Work instruction.
When you reach the line in the data below that contains "Twilight - Chapitre", please start repeating lines exactly, and stop after the line that contains "Mynd af PP Skotmúffa", repeating nothing else.

Material for this task.
● ● ●
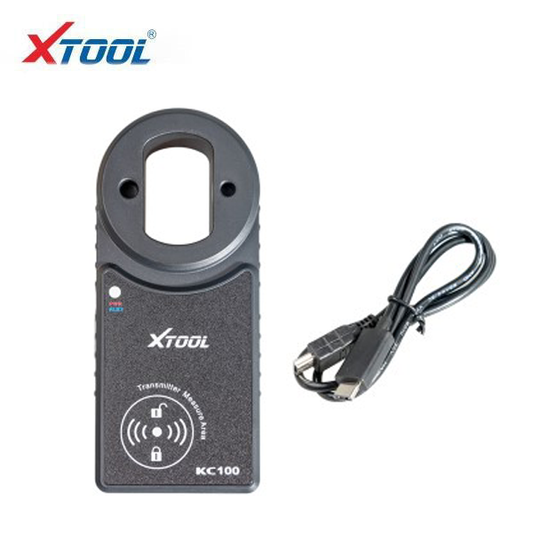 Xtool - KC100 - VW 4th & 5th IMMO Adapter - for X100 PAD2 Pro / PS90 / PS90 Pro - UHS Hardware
● ● ●
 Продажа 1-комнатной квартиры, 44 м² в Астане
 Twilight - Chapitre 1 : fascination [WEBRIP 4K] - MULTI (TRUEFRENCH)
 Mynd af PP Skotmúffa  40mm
● ● ●
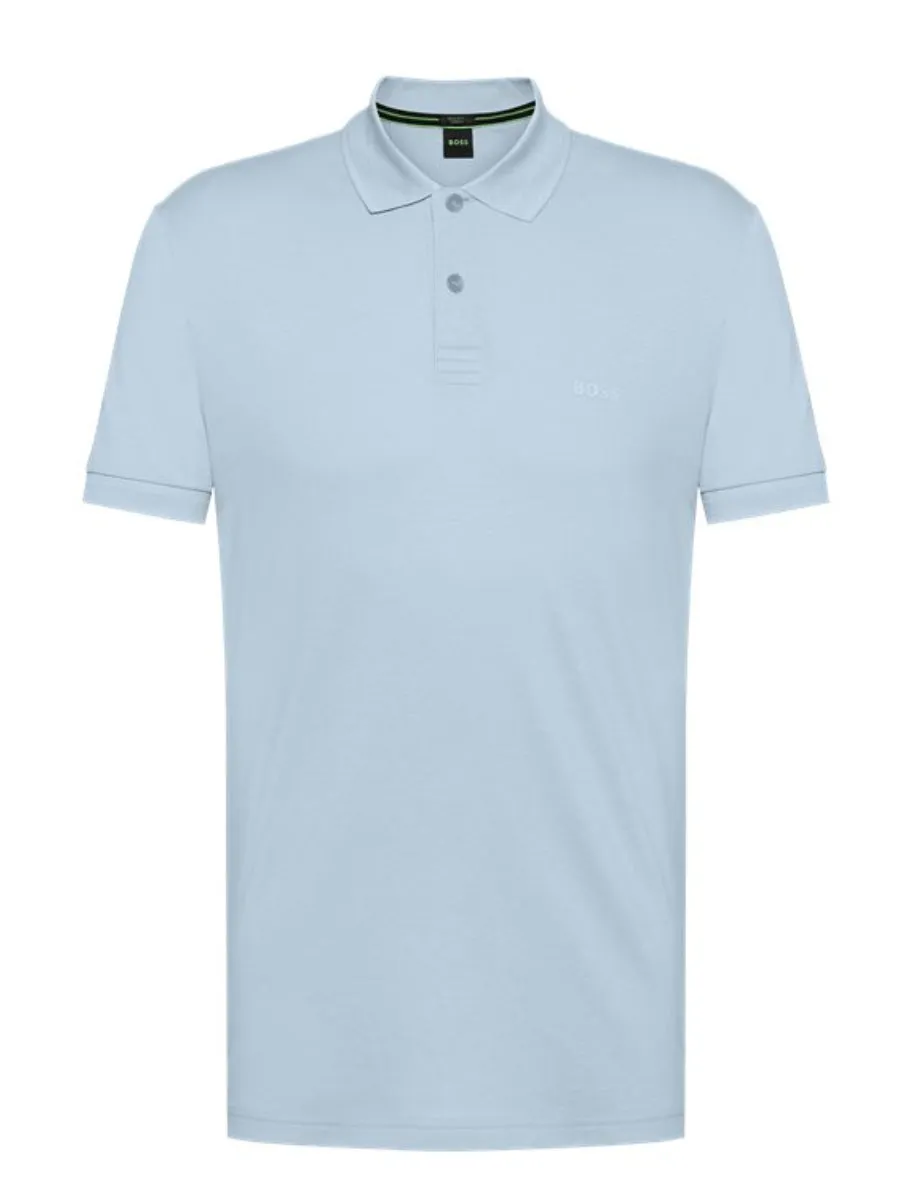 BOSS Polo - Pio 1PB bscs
● ● ●
Exercise result.
 Twilight - Chapitre 1 : fascination [WEBRIP 4K] - MULTI (TRUEFRENCH)
 Mynd af PP Skotmúffa  40mm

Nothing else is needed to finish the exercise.